16)Can be regarded as the inference drawn from the Scripture quoted in verse 15 but it is preferably regarded as a statement of what is involved in the truth just asserted. The relation would be then as follows: if God has mercy on whomsoever he wills, “then it is not of him that willeth, nor of him that runneth, but of God that hath mercy”. The emphasis falls here on the exclusion of man’s determination as the negative counterpart to God’s exercise of mercy. The first negation refers to human volition, the determination belonging to man’s will; the second refers to man’s active exertion (cf. 1 Cor. 9:24, 26; Gal. 2:2; 5:7; Heb. 12:1). The mercy of God is not an attainment gained by the most diligent labour to that end but a free bestowal of grace. No statement could be more antithetic to what accrues from claims of justice or as the awards of labour. 8
Of his own will begat he us with the word of truth, that we should be a kind of firstfruits of his creatures. Jas. 1:18
18)James designates God the Father of lights. By implication, however, he calls God our Father. Even though he omits the word Father, he employs the concept to give birth. Fatherhood is part of God’s nature. He is the Father of Jesus Christ and through him is our Father. a. “He chose to give us birth.” The first verb in this sentence is “chose”; because of its position it receives emphasis. “We have been born of his saving will (Jas. 1:18), and because God himself is the unalterable on (cf. Jas. 1:17), his gracious will cannot be overthrown.” We did not choose him; rather, he chose us and saved us from death. He gave us new life in Christ Jesus. In verse 15 James depicts sin giving birth to death. In verse 18 he states that God “chose to give us birth through the word of truth.” God is our creator but also our redeemer. In this verse the context favours the interpretation that God is our re-creator. He gives us life through spiritual birth. b. “Through the word of truth.” Paul uses this expression a number of time (11 Cor. 6:7; Eph. 1:13; Col. 1:5; 11 Tim. 2:15). It refers to the gospel, as Paul explains in his letter to the Colossians. When this gospel is proclaimed, God regenerates the sinner and reforms him into “new creation” (11 Cor. 5:17; Col. 3:10). Writes D. Edmond Hiebert, “There is no substitute for the proclamation of the gospel.” c. “That we might be a kind of firstfruits.” God created, regenerated and renewed us. We are his handiwork, his prize possession. James says that we are “a kind of firstfruits.”
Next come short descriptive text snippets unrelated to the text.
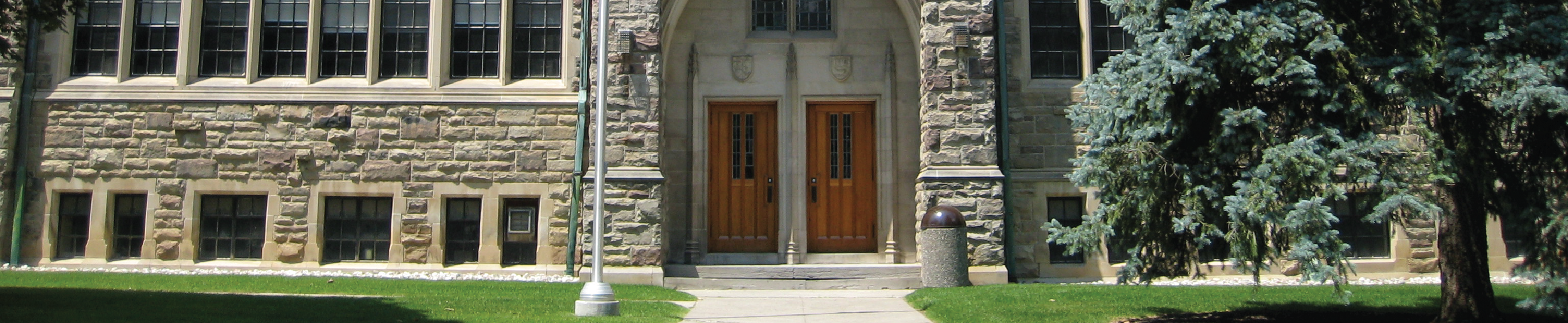 The front entrance of Loretto Abbey Catholic Secondary School.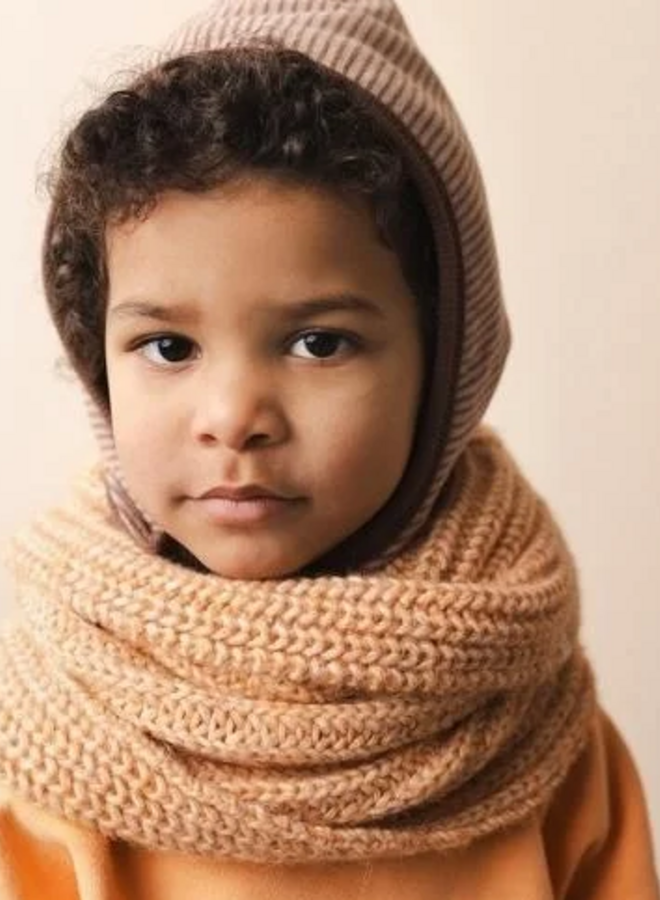 Phil & Phae - Recy-blend tube scarf Apricot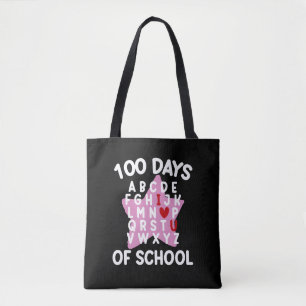 100日目の学校 アルファベット 100日目 先生 トートバッグ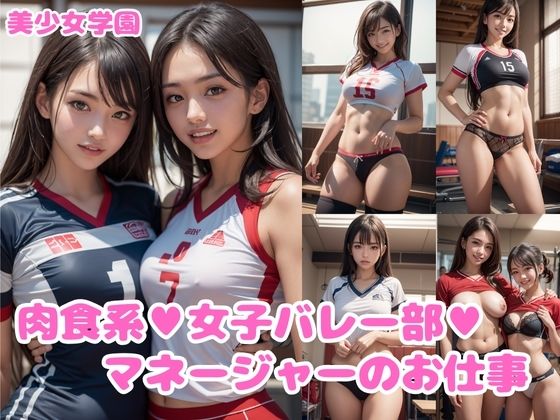 肉食系女子バレー部マネージャーのお仕事_1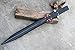 Nepal forged 21 inches Blade Greek Xiphos Sword-Forged-Replica Sword-Hand Crafted in Nepal- Tempered Leaf Spring of Truck-Sharpen-Function
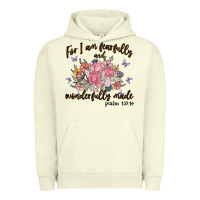 Pigment Pistachio for i am fearfully and wonderfully made Urban Hoodie - MaliasSmallBusiness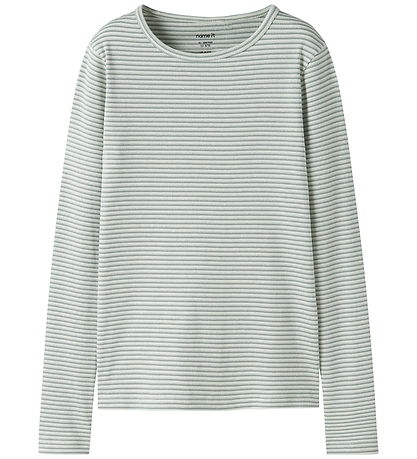 Name It Bluse - Rib - NkfKommaku - Green Milieu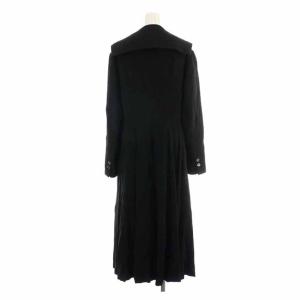 KENZO ロングコート ビッグカラー ダブルボタン M 黒 ブラック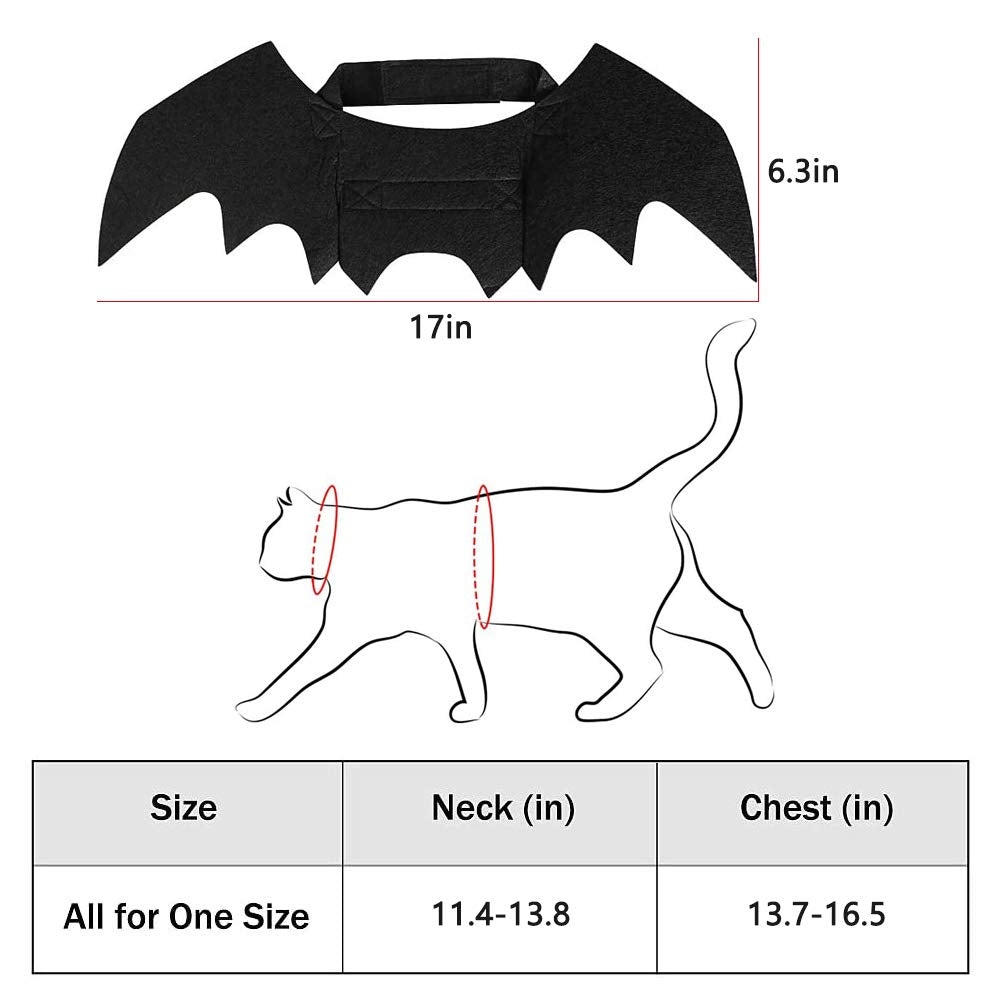Yunfan bat wings showcase adjustable sizing and secure straps for playful pets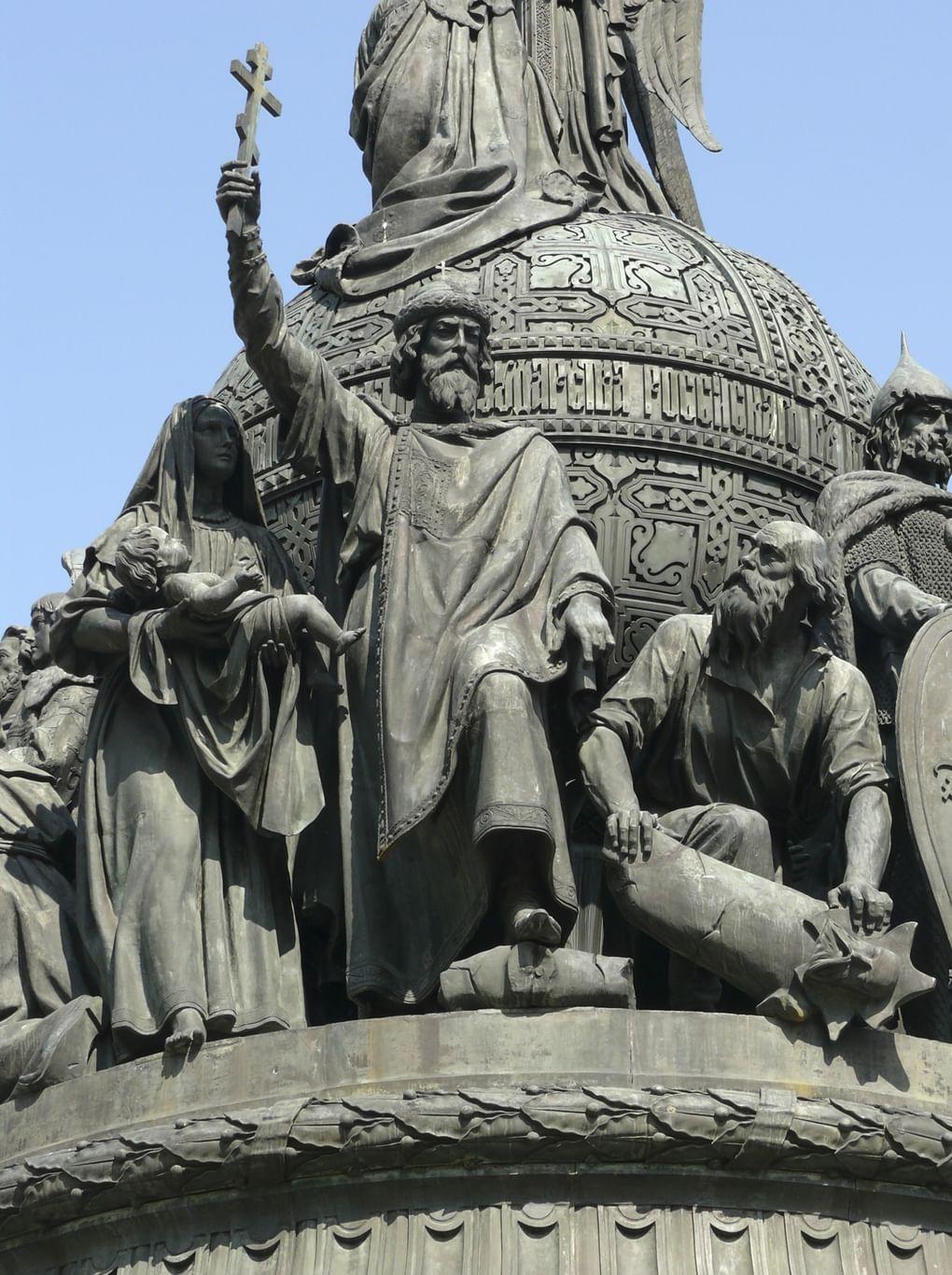 Михаил Микешин, Иван Шредер, Виктор Гартман. Монумент «Тысячелетие России». 1862. Великий Новгород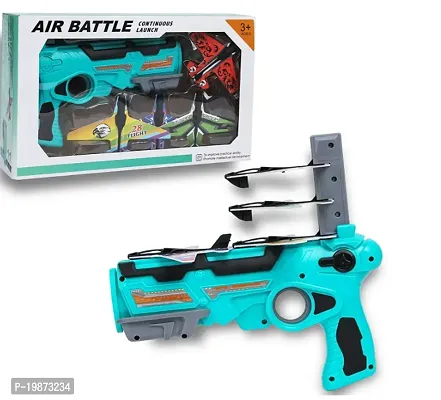 TinyTales Air Battle Toy Portable Durable Catapult Plane Glider Gun (Blue) 03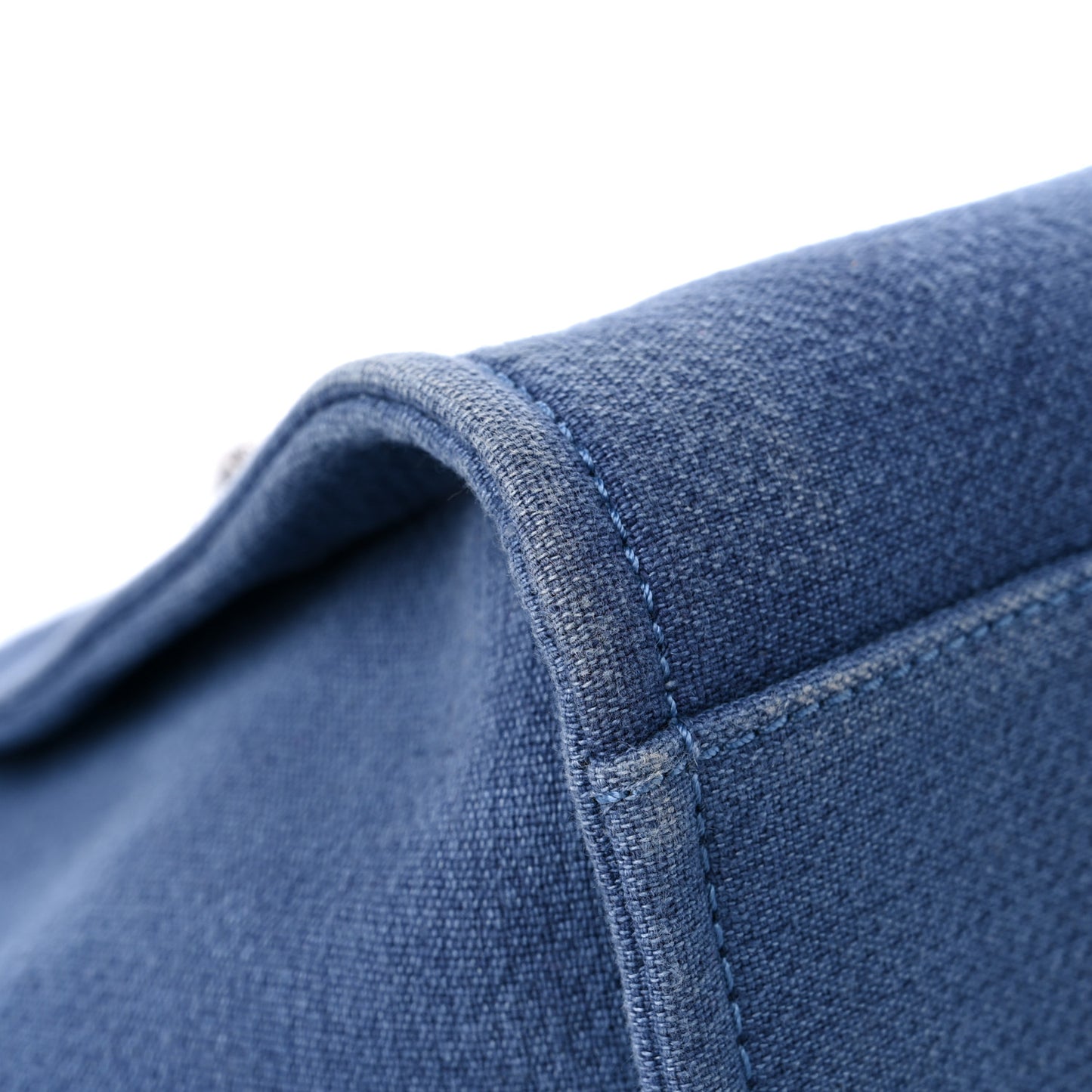 Canvas Medium Deauville Tote Blue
In Old Testament times, the first fruits were holy and belonged to God: the first-born of man and of cattle, the first produce from the vineyard, orchard, and field (see, for instance, Exod. 23:16; 34:22; Lev. 19:23-25; Num. 15:20-21; Deut. 18:4). However, already in the Old Testament the prophets began to use the expression figuratively. Jeremiah writes, “Israel was holy to the LORD, the firstfruits of his harvest” (Jer. 2:3). And in the New Testament, Christians are God’s first fruits (Rom. 11:16; 16:5; 1 Cor. 16:15). In his epistle, James calls us “a kind of firstfruits of all [God] created.” We belong to the countless multitude (symbolically represented as the 144,000) who “were purchased from among men and offered as firstfruits to God and the Lamb” (Rev. 14:4).
What an honor! We are God’s first fruits and as such are holy. That is, God has chosen us from all his creatures to be holy and has dedicated us to himself. We belong to God. Therefore, let no one ever think that God can lead us astray. That is impossible, for he is holy and we, his first fruits, share his holiness. 9
8.John Murray, The New International Commentary On The New Testament, The Epistle To The Romans, (Grand Rapids, Michigan, WM. B. Eerdmans, Reprinted 1982), Volume 11 p. 26.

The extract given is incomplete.